WORKING DATA Block Start

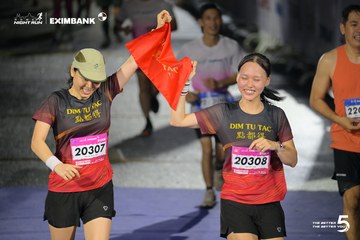 HO CHI MINH CITY NIGHT RUN EXIMBANK 2026 - Ảnh #4985807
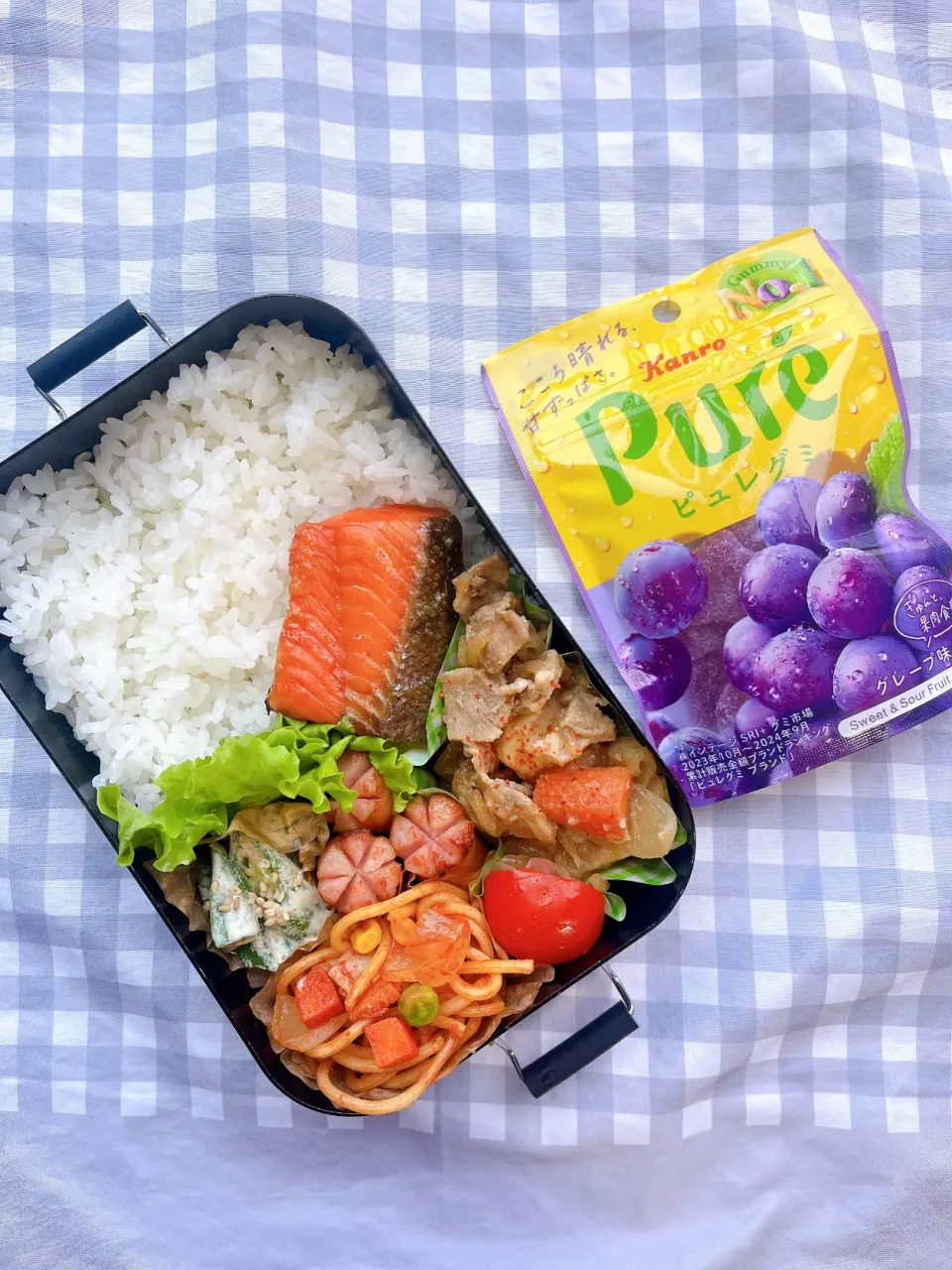 高校生お弁当91個目|さつまいこさん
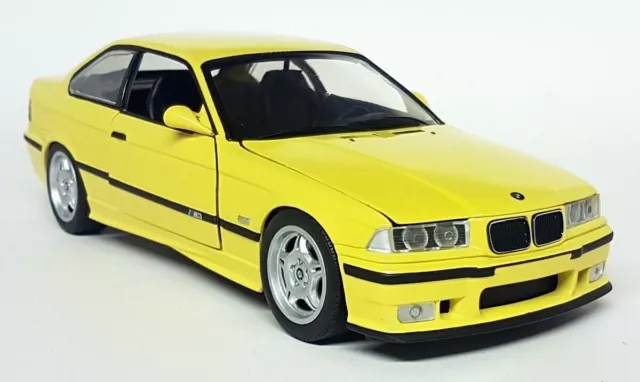 UT MODELS 1/18 Scale Model Car 180 022300 - 1996 BMW M3 Coupe - Yellow  $362.99 - PicClick AU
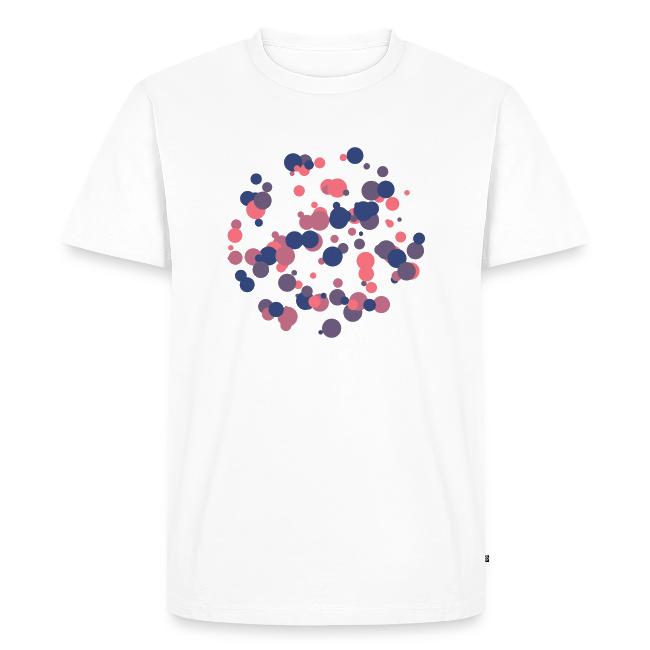 abstract circles pattern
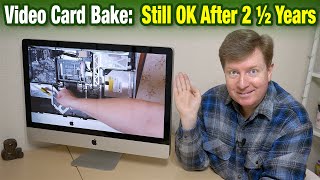 iMac Video Card Bake Update 2020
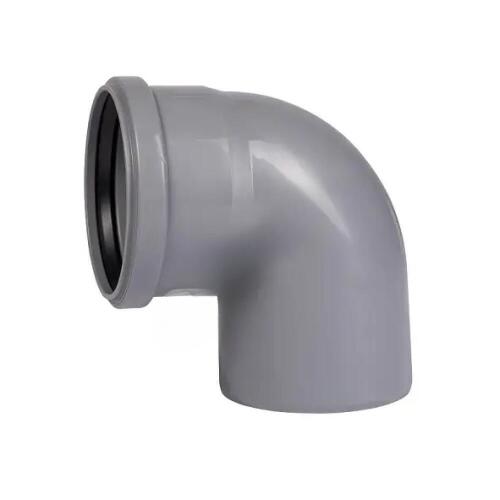 Отвод ПП 32/87° серый, Ostendorf HT 110140
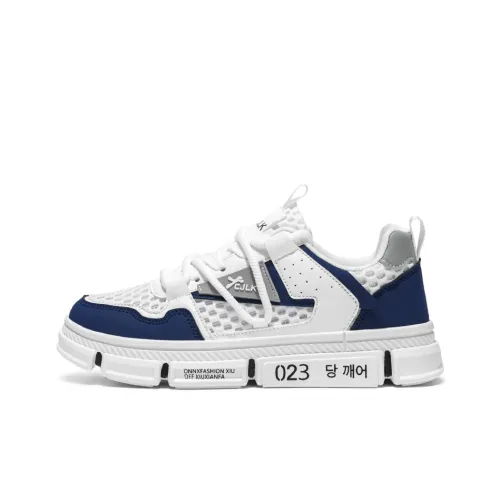 AMICNIEGD Slip Resistant, Abrasion Resistant, And Balanced Low Top Casual Shoes Men's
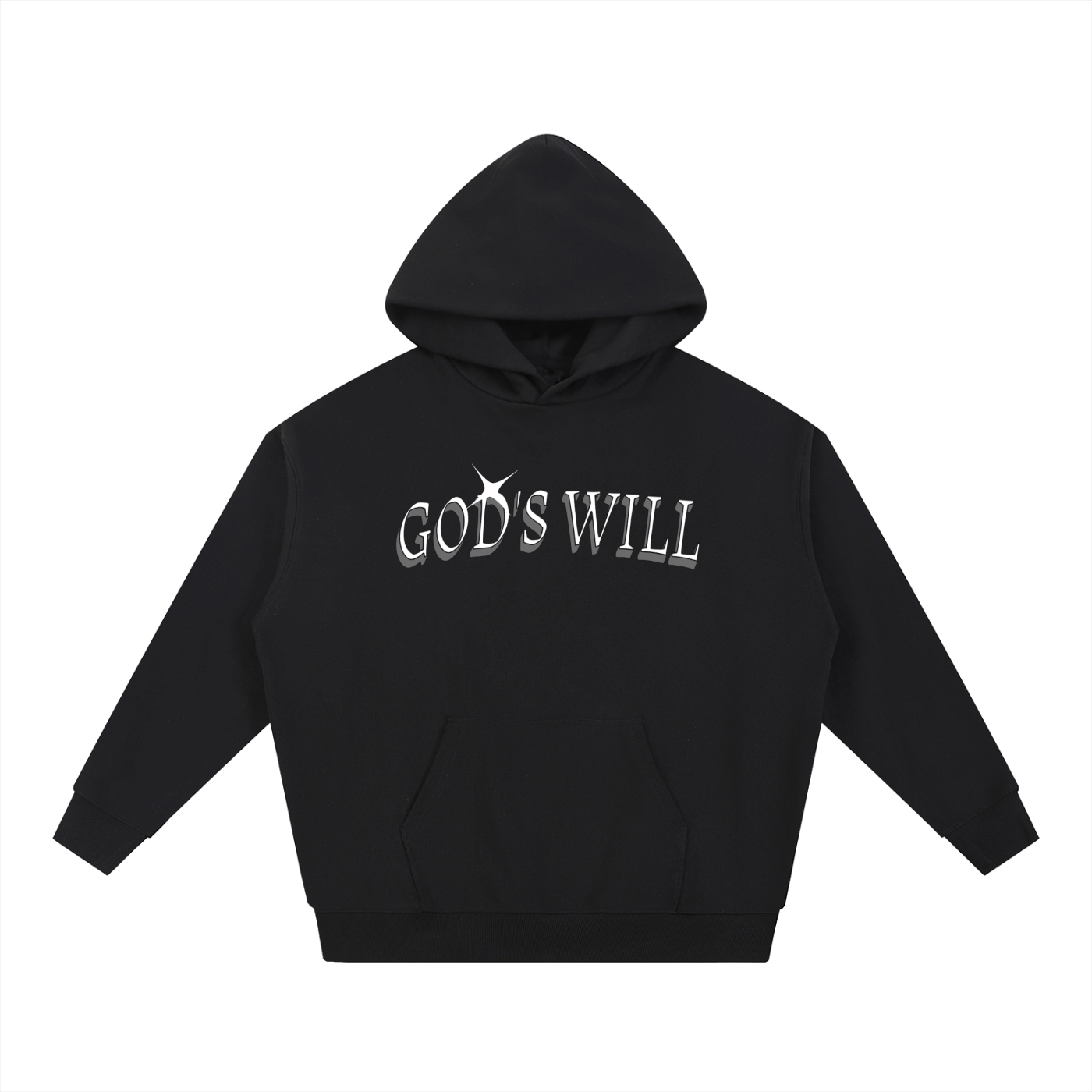 GOD'S WILL Heavyweight Hoodie
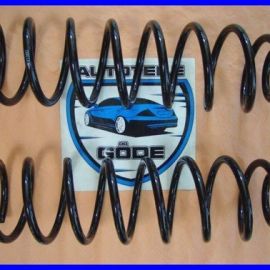 2x pružiny zadné Saab 9-5 od r.v. 10.1998 s reg. svetlej výšky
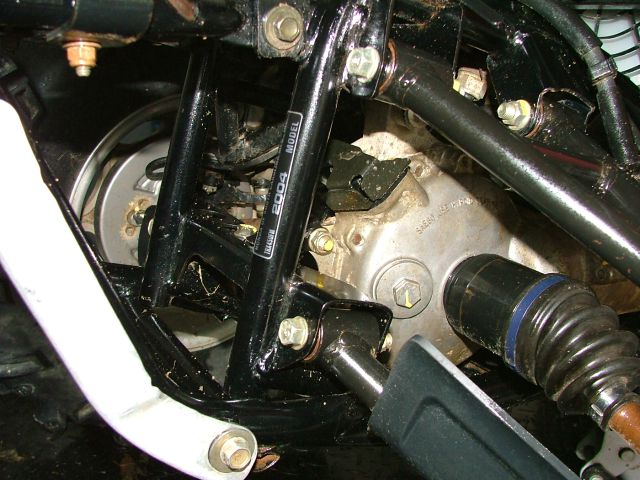 2004 Honda FOREMAN S 4X4 XR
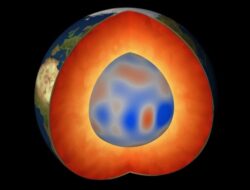 Struktur Misterius Terdeteksi Ke Medan Magnet Bumi
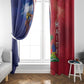 Haiti Independence Day Window Curtain The First Black Independent Nation - African Pride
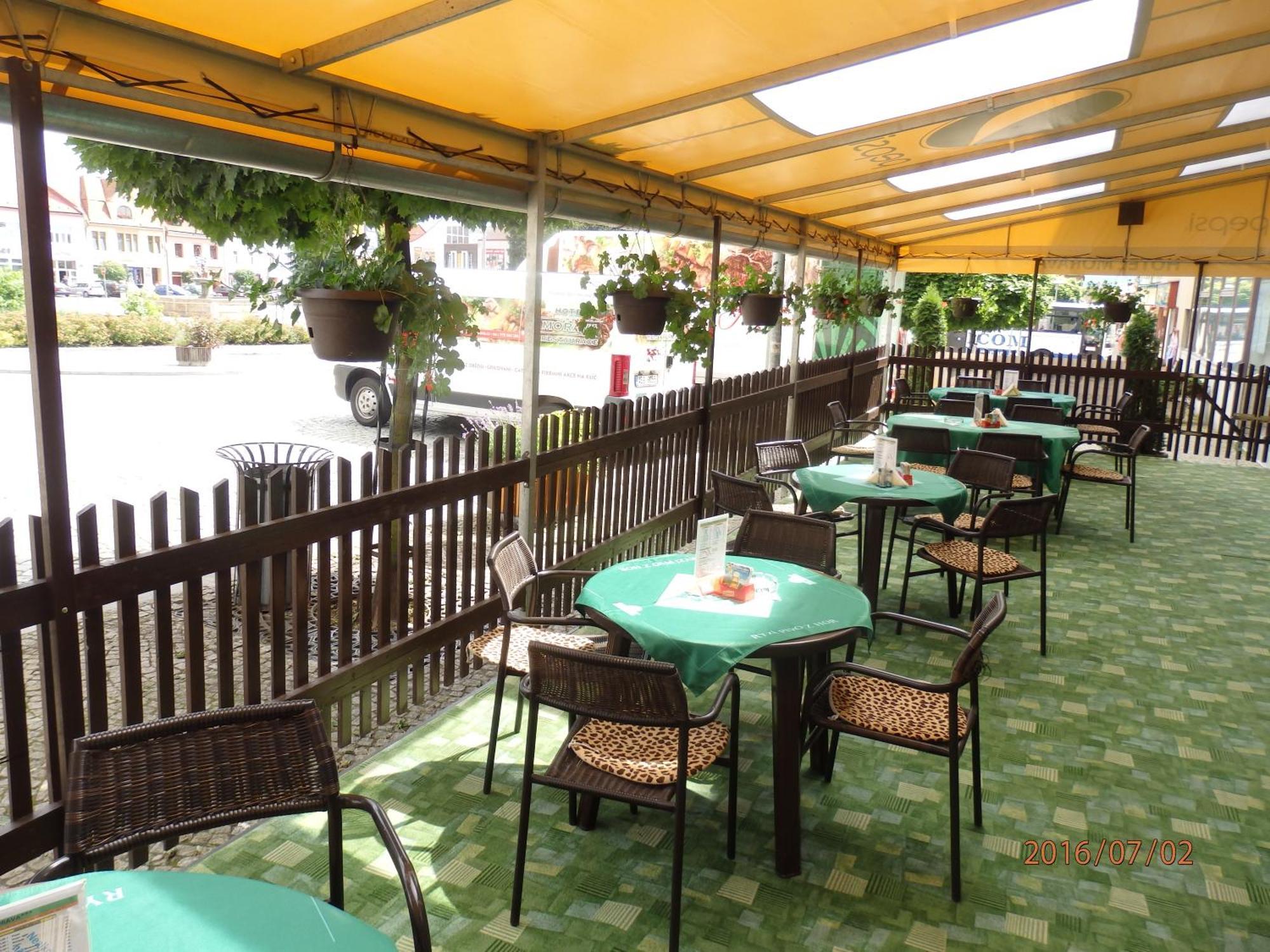 Hotel Morava Jevicko Luaran gambar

WORKING DATA Block End

◆ WHAT YOU ARE ASKED TO DO
If a record above holds a picture, leave the picture out and write out everything else exactly.

◆ EXERCISE RESULT
 HO CHI MINH CITY NIGHT RUN EXIMBANK 2026 - Ảnh #4985807
 高校生お弁当91個目|さつまいこさん
 UT MODELS 1/18 Scale Model Car 180 022300 - 1996 BMW M3 Coupe - Yellow  $362.99 - PicClick AU
 abstract circles pattern
 iMac Video Card Bake Update 2020
 Отвод ПП 32/87° серый, Ostendorf HT 110140
 AMICNIEGD Slip Resistant, Abrasion Resistant, And Balanced Low Top Casual Shoes Men's
 GOD'S WILL Heavyweight Hoodie
 2x pružiny zadné Saab 9-5 od r.v. 10.1998 s reg. svetlej výšky
 2004 Honda FOREMAN S 4X4 XR
 Struktur Misterius Terdeteksi Ke Medan Magnet Bumi
 Haiti Independence Day Window Curtain The First Black Independent Nation - African Pride
 Hotel Morava Jevicko Luaran gambar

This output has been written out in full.